When poker became a popular saloon game in the United States in the middle of the nineteenth century, the integrity of the players was unreliable and the honor codes that had regulated gambling for centuries became inadequate. Because the dealer has the greatest opportunity to cheat (by manipulating the specific cards that players receive, or by inspecting the dealt cards), the players would take turns in this role. To avoid arguments about whose turn it was to deal, the person who was next due to deal would be given a marker. This marker was moved clockwise around the table after each hand. A knife was commonly used as a marker, and the marker became generally known as a "buck", as an abbreviated reference to the buck's horn that formed the handle of many knives at that time.

When the dealer had finished dealing the cards he "passed the buck". According to Martin, the earliest use of the phrase in print is in the July 1865 edition of Weekly New Mexican: "They draw at the commissary, and at poker after they have passed the buck." The phrase then appears frequently in many sources so it probably originated at about this time. However, Mark Twain cited it as common slang in Virginia City when he was a reporter there in 1862.

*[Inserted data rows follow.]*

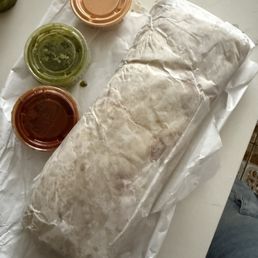 i got the santa ana burrito with asada. first time trying this place bc i was craving a burrito and omg look how big. def recommend i got the santa ana burrito with asada. first time trying this place bc i was craving a burrito and omg look how big. def recommend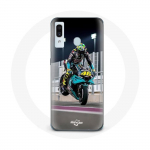 &Uuml;mbris Samsung Galaxy A40 Valentino Rossi mootorratta kiirusjuhi jaoks
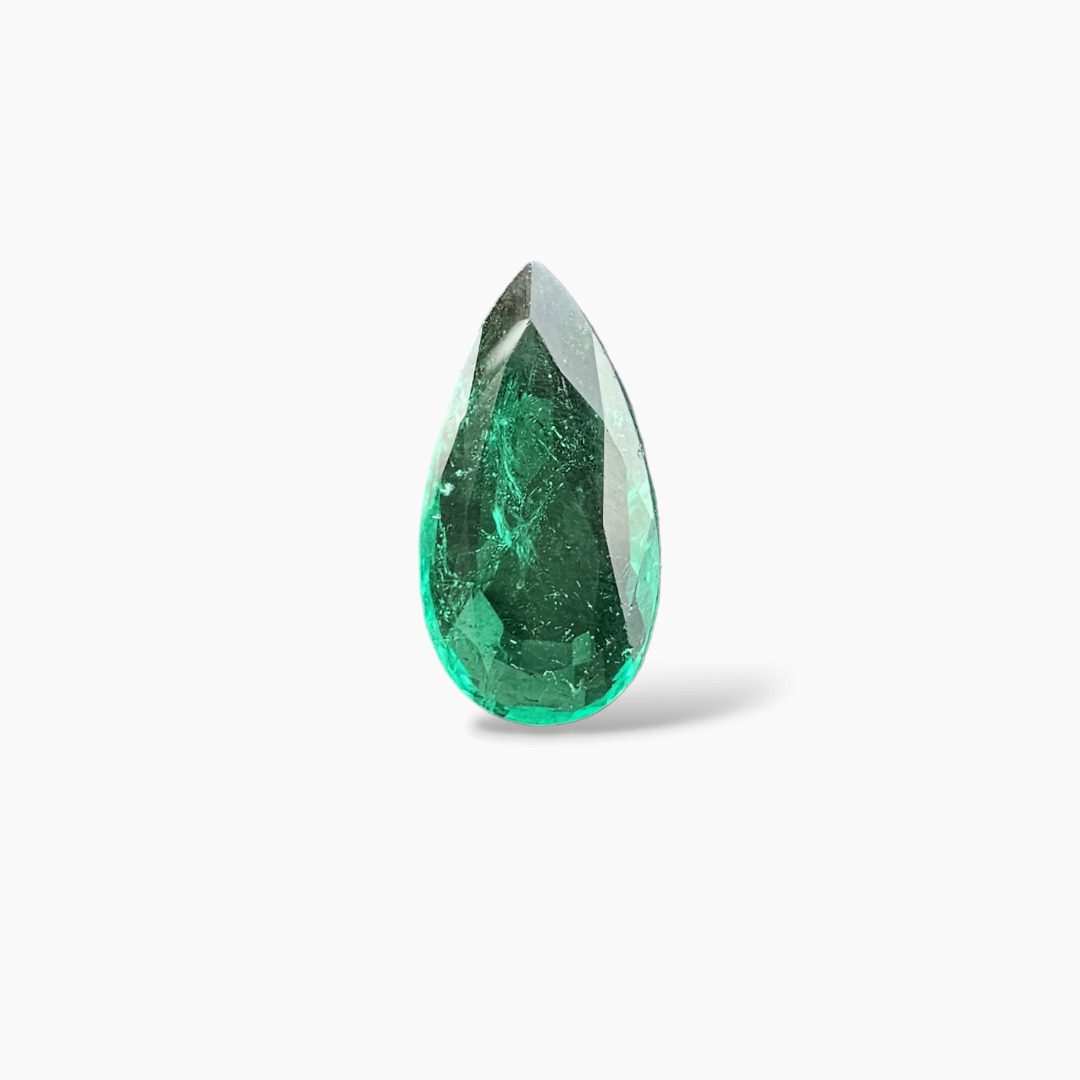 for sale Natural Zambian Emerald Stone 4.32 Carats Pear Cut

"Passing the buck" soon became a metaphor for dodging responsibility. U.S. President Harry S. Truman was noted for a sign in his office reading "The buck stops here." It was a gift from  Fred Canfil, who found a similar sign in the warden's office at the Federal Reformatory at El Reno, Oklahoma.

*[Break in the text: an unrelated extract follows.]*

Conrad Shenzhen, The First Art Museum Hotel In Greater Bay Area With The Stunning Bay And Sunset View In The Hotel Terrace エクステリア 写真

The use of other small disks as such markers led to the alternative term "button". Silver dollars were later used as markers and it has been suggested that this is the origin of "buck" as a slang term for "dollar," though by no means is there universal agreement on this subject. The marker is also referred to as "the hat". The origin of this term is believed to stem from the wearing of a hat having been used to denote dealership.

Dealer button

Today, a dealer button is typically a white plastic disc with the word "Dealer" on each side. While in most home games, the player holding the dealer button deals the cards, in a casino or cardroom, an employee handles this responsibility.

The dealer button is sometimes modified to indicate a secondary detail about the hand being played—for example, a kill game may use a button with the word "Kill" on one side to show that the current hand is a kill pot, and turn the "Dealer" side up to show that the kill is off, or a dealer's choice game might replace the dealer button with a placard indicating the chosen game.

The term "button" is often used to refer to the dealer position, which is the position whose turn to bet comes last. Being "on the button" is therefore the most advantageous and most profitable position in poker.

Other buttons

In casino and card room cash games, the dealer's well may contain an assortment of laminated discs that the dealer may place in front of a player's seat under certain conditions. Properly called lammers (rhymes with 'spammers'), but also referred to as buttons, they are separate from and used differently from a dealer button.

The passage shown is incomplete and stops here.